Enrique Rojas nos aporta una espléndida reflexión
sobre los valores. Sobre qué son los valores y cuáles en su opinión serían los
más importantes.
La reflexión sobre los
valores es una constante en la historia del pensamiento, precisamente porque la
vida humana no es posible sin valores. Vivir es orientarse hacia valores, que
compartimos o no, que son aceptables o no …
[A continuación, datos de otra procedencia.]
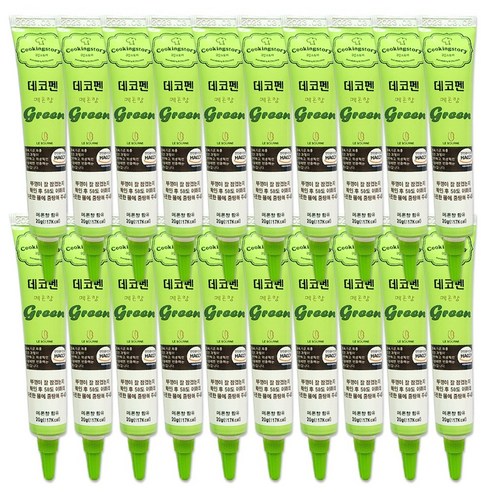 쿠킹스토리 데코펜 그린 20개, 20g, 40개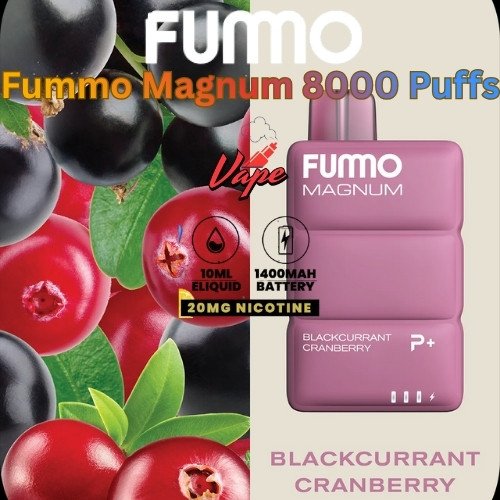 Fummo Magnum 8000 Puffs 20MG Blackcurrant Cranberry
Vivir en función de valores es plantearse objetivos, retos importantes,
aquellos que dan sentido a nuestra vida.
Las primeras y más
profundas reflexiones se las debemos a los pensadores griegos. Entre ellos,
especialmente Platón. Como E. Rojas, también Platón creía que los valores
centrales de la vida de una persona son cuatro. Él los concretaba así :
prudencia, fortaleza, moderación y justicia.
La definición que nos da
E. Rojas de valor coincide con la que nos da Platón de virtud: la virtud es
aquella disposición que potencia lo mejor de nosotros, nos enriquece y
perfecciona.
Entre los pensadores
griegos, Aristóteles y Epicuro dieron, como también lo hace E. Rojas, una gran
importancia a la amistad.
Los cuatro valores que más cotizan
«Alegría, amistad, integridad y solidaridad. Estos cuatro valores
significan haber adquirido una cierta disposición para el bien. Y eso es una
cumbre psicológica que merece la pena escalar. La felicidad no se da en el
superhombre, sino en el hombre verdad”.
A Pedro Rodríguez-Ponga, una de las personas más completas que he conocido
Vivimos en un mundo de cambios trepidantes. Lo que hoy vale y sirve, en un tiempo
breve se diluye y pierde consistencia. En este artículo quiero esclarecer qué
son los valores, en qué consisten y cuáles son hoy los que tienen mejor venta en
cualquier mercado. Apostar por aquello que no pasa, que no tiene fugacidad y
que es un terreno sólido, que se adscribe a aquella sentencia latina: fundata
enim erat supra petram: el edificio no se derrumbó porque estaba edificado
sobre piedra, era fuerte, rocoso, consistente.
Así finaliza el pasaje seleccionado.